A Multiple Radar Approach for Automatic Target Recognition of Aircraft using Inverse Synthetic Aperture Radar

TL;DR

This paper presents a multi-radar CNN approach using simulated complex SAR/ISAR data for aircraft recognition, achieving higher accuracy and faster training than traditional methods.

Contribution

Introduces a multi-radar approach with complex-valued CNN trained on simulated data, improving aircraft recognition accuracy in SAR/ISAR ATR tasks.

Findings

Multi-radar approach increases recognition accuracy.

Simulated complex data enhances CNN training.
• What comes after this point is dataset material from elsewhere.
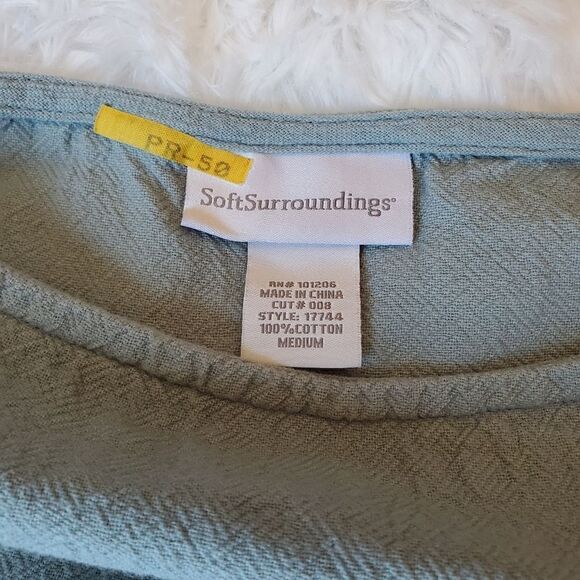 Women's SoftSurroundings Gauze Pullover Size Medium Green Lagenlook - Picture 3 of 4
Optimal number of radars improves detection performance.

Abstract

Along with the improvement of radar technologies, Automatic Target Recognition (ATR) using Synthetic Aperture Radar (SAR) and Inverse SAR (ISAR) has come to be an active research area. SAR/ISAR are radar techniques to generate a two-dimensional high-resolution image of a target. Unlike other similar experiments using Convolutional Neural Networks (CNN) to solve this problem, we utilize an unusual approach that leads to better performance and faster training times. Our CNN uses complex values generated by a simulation to train the network; additionally, we utilize a multi-radar approach to increase the accuracy of the training and testing processes, thus resulting in higher accuracies than the other papers working on SAR/ISAR ATR. We generated our dataset with 7 different aircraft models with a radar simulator we developed called RadarPixel; it is a Windows GUI program implemented using Matlab and Java programming, the simulator is capable of accurately replicating a real SAR/ISAR configurations. Our objective is to utilize our multi-radar technique and determine the optimal number of radars needed to detect and classify targets.